** Opening DATA EXCERPT block **

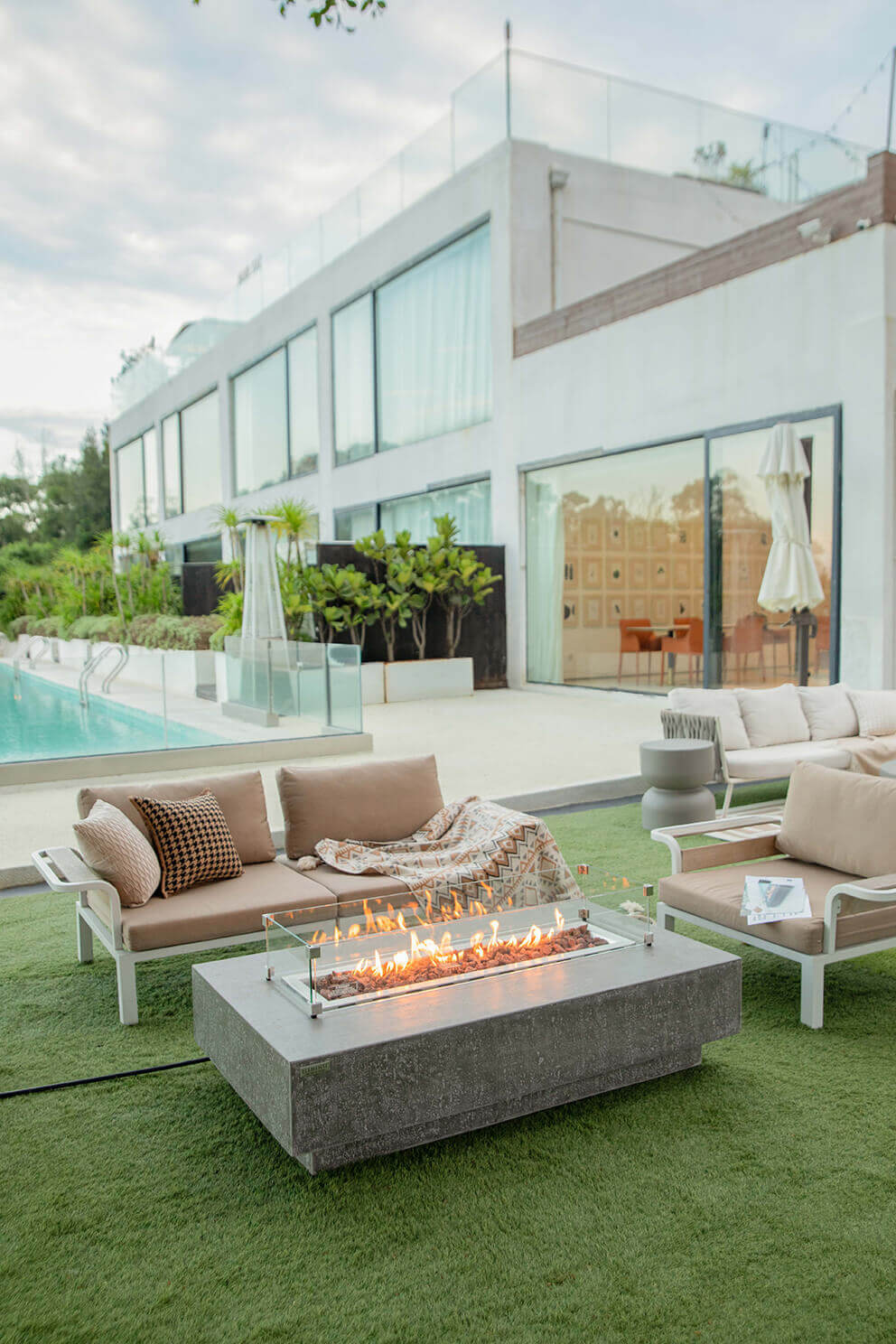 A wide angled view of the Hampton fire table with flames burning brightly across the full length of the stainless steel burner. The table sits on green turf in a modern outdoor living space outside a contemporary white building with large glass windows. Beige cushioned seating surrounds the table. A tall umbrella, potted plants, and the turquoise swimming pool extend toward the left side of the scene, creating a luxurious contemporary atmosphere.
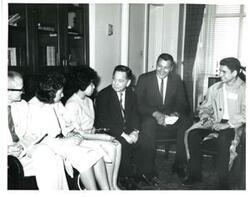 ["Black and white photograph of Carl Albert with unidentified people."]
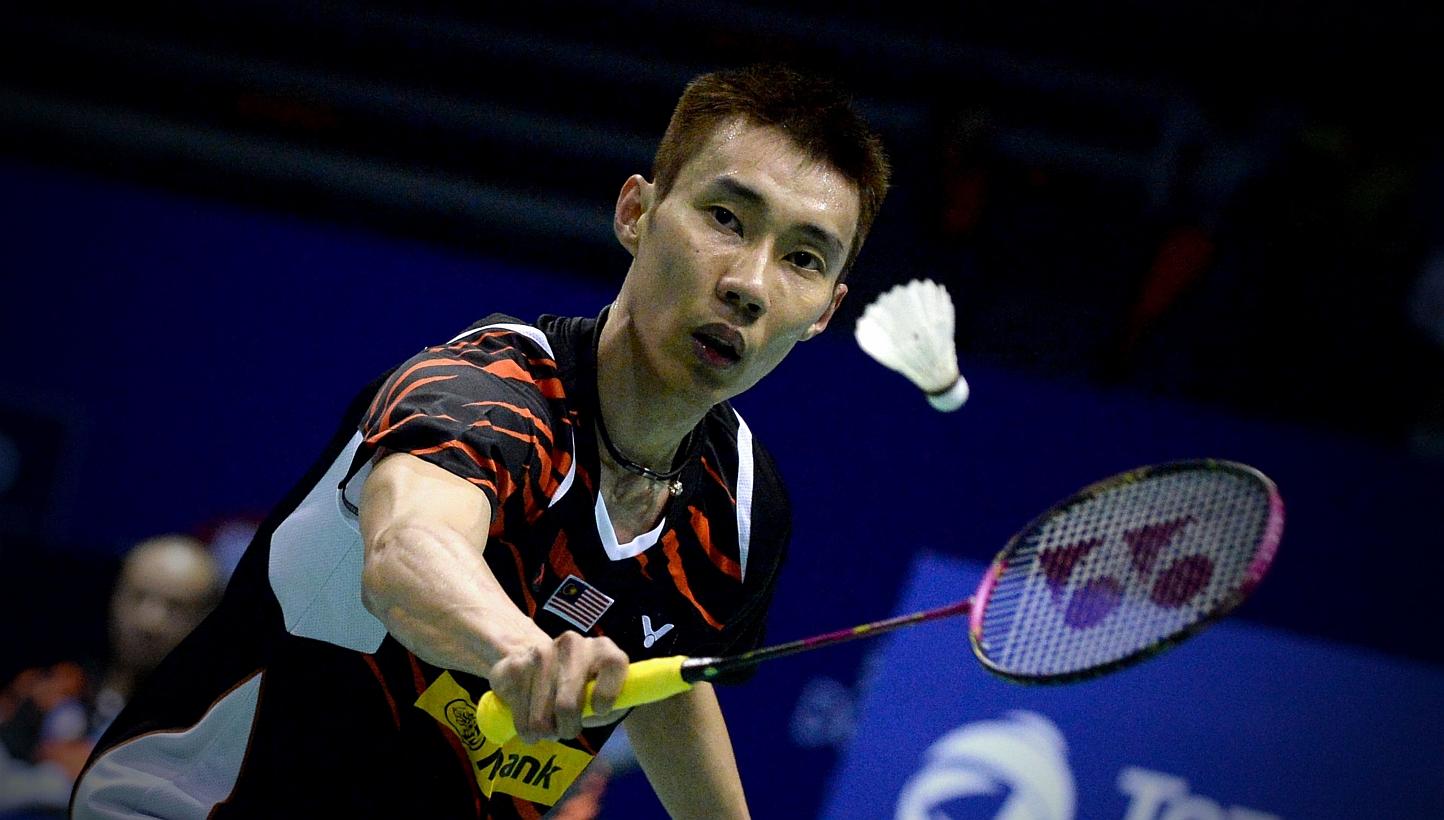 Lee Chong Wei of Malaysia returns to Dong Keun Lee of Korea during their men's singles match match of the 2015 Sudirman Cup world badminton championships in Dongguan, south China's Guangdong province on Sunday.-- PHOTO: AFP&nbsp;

** Closing DATA EXCERPT block **

_TASK DIRECTIONS:_
Omit the pictures and repeat the rest of the listing verbatim.

_EXPECTED ANSWER:_
 A wide angled view of the Hampton fire table with flames burning brightly across the full length of the stainless steel burner. The table sits on green turf in a modern outdoor living space outside a contemporary white building with large glass windows. Beige cushioned seating surrounds the table. A tall umbrella, potted plants, and the turquoise swimming pool extend toward the left side of the scene, creating a luxurious contemporary atmosphere.
 ["Black and white photograph of Carl Albert with unidentified people."]
 Lee Chong Wei of Malaysia returns to Dong Keun Lee of Korea during their men's singles match match of the 2015 Sudirman Cup world badminton championships in Dongguan, south China's Guangdong province on Sunday.-- PHOTO: AFP&nbsp;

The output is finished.